Strict guidelines for the use of pesticides
Responsible use of pesticides is essential for biodiversity and human health. We therefore require that our suppliers of own-label branded foodstuffs avoid using harmful pesticide active substances – even in countries where they are still actually legal.
International initiatives such as the Stockholm Convention (POP), the Rotterdam Convention (PIC), the Pesticide Action Network Dirty Dozen (PAN) and the World Health Organisation (WHO) define which pesticide active substances have to be graded as harmful. However, it is still legal to use them in some countries. For this reason, we have drawn up a Guideline on Pesticides and a negative list which is based on the requirements and recommendations of the above-mentioned initiatives. We thus prohibit all of our suppliers of own-label branded foodstuffs from using 113 harmful pesticide active substances. We regularly check that this guideline is being complied with and consistently place sanctions where there are violations. In addition, we actively support our suppliers in their implementation of improvement measures.
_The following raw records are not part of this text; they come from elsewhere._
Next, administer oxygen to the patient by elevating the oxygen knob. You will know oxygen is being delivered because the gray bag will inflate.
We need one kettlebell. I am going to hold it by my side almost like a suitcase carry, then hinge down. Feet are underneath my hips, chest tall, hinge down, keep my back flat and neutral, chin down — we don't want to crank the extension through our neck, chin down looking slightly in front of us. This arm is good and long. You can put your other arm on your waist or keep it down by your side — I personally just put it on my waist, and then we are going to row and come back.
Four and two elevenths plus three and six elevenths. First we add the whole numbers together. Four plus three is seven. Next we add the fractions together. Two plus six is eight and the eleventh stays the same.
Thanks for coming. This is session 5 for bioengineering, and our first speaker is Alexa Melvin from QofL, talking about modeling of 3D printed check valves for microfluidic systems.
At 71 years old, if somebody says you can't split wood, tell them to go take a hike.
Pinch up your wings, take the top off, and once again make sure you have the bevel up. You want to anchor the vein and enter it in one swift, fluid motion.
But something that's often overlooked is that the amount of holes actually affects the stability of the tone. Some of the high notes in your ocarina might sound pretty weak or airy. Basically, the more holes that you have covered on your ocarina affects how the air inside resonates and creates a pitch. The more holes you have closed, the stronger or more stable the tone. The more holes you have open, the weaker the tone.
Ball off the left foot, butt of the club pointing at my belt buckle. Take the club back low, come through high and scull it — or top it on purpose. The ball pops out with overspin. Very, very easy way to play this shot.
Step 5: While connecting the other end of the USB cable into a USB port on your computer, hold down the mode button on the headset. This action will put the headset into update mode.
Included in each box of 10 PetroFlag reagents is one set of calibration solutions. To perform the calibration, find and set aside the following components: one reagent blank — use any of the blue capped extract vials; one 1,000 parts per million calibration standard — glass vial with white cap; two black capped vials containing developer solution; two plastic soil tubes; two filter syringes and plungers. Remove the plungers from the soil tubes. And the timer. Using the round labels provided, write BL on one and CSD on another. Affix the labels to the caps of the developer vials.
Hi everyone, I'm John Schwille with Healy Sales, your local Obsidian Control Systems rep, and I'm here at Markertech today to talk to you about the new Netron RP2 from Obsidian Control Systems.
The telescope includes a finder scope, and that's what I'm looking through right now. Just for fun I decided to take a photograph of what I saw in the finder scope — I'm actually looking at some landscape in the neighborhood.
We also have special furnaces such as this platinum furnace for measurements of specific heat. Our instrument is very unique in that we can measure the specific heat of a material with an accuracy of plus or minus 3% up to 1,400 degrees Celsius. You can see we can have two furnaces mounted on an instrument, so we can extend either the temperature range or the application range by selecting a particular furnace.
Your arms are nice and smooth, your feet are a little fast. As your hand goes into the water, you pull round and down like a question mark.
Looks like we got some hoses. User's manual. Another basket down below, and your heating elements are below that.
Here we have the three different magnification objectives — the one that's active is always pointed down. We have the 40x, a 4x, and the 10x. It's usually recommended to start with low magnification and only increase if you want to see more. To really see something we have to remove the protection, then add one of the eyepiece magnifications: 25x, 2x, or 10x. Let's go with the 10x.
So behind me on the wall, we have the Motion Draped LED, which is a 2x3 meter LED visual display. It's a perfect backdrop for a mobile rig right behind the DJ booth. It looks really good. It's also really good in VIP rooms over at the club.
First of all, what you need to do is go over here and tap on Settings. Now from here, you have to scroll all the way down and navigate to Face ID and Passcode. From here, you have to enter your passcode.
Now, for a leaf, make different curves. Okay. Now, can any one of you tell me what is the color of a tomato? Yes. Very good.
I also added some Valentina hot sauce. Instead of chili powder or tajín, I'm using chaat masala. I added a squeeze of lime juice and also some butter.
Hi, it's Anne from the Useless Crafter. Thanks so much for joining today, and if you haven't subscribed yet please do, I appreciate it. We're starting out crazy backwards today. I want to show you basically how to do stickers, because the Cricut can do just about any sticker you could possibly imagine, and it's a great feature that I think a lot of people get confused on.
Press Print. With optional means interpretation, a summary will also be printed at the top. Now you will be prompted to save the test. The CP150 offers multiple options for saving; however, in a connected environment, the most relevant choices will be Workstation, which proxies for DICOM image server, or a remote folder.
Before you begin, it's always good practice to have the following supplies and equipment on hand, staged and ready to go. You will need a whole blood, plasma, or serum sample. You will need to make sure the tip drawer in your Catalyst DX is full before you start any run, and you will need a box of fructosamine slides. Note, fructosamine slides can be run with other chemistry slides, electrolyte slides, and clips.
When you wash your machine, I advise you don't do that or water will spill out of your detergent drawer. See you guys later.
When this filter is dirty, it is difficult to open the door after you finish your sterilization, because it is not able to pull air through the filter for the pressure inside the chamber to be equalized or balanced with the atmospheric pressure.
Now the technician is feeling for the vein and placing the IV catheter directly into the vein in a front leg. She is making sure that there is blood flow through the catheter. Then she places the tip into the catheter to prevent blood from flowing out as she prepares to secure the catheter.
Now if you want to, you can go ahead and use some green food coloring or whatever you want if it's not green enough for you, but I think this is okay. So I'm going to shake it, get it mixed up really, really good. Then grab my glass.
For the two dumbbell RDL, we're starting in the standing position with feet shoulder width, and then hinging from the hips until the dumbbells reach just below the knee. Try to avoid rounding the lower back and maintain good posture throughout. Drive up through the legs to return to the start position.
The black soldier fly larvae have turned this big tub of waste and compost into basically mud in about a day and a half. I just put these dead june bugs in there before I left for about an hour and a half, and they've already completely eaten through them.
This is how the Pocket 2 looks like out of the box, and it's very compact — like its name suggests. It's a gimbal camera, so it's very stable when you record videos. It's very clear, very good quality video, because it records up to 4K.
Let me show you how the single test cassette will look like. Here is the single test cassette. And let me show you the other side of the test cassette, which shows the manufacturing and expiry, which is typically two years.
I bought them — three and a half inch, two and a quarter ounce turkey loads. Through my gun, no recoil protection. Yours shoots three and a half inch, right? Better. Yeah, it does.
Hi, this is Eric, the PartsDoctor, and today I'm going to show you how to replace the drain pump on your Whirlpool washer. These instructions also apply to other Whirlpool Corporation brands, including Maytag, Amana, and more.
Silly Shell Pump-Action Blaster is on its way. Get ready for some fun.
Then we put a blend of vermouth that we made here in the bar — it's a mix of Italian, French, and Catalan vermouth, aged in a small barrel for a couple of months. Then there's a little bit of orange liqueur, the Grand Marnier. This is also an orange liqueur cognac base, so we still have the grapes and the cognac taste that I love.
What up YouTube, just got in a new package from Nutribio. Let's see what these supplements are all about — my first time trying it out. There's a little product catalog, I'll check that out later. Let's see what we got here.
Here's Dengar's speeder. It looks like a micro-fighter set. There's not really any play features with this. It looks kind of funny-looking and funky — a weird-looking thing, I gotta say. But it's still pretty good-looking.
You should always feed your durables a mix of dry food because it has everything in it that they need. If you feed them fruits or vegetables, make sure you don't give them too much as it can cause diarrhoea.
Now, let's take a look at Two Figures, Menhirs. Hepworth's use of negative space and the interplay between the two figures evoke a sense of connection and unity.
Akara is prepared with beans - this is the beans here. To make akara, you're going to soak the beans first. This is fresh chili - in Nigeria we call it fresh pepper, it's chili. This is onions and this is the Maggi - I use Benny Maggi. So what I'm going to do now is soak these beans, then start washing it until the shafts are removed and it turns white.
Delisting of products that are dangerous to bees
Around one-third of the entire food production depends on pollination by wild and honey bees. As many of them are threatened with extinction across the world, we are committed to protecting them. That is why we evaluated our entire range to ensure that none of the products posed a threat to bees. If a product contained a pesticide agent that was listed as critical in Greenpeace’s Bees in Decline report, we removed it from our range at the start of 2015 or replaced it with an alternative that is not dangerous to bees. We are further continuing to develop a range of organic alternatives to chemical synthetic pesticides on an ongoing basis, which means we are going way beyond the legal provisions in place.
Fewer pesticides in fruit and vegetable cultivation
We are also taking active steps to reduce pesticide use in the conventional cultivation of fruit and vegetables. This involves, for example, supporting grape producers in Apulia and Sicily with workshops and long-term advice on how to implement organic pest control methods, which should gradually reduce the use of pesticides. This represents a key contribution to biodiversity in the area of grape plantations. Further, various projects of the Coop Sustainability Fund promote the implementation of cultivation methods using fewer pesticides, for example in the farming of white cabbage in Switzerland or rose production in Kenya.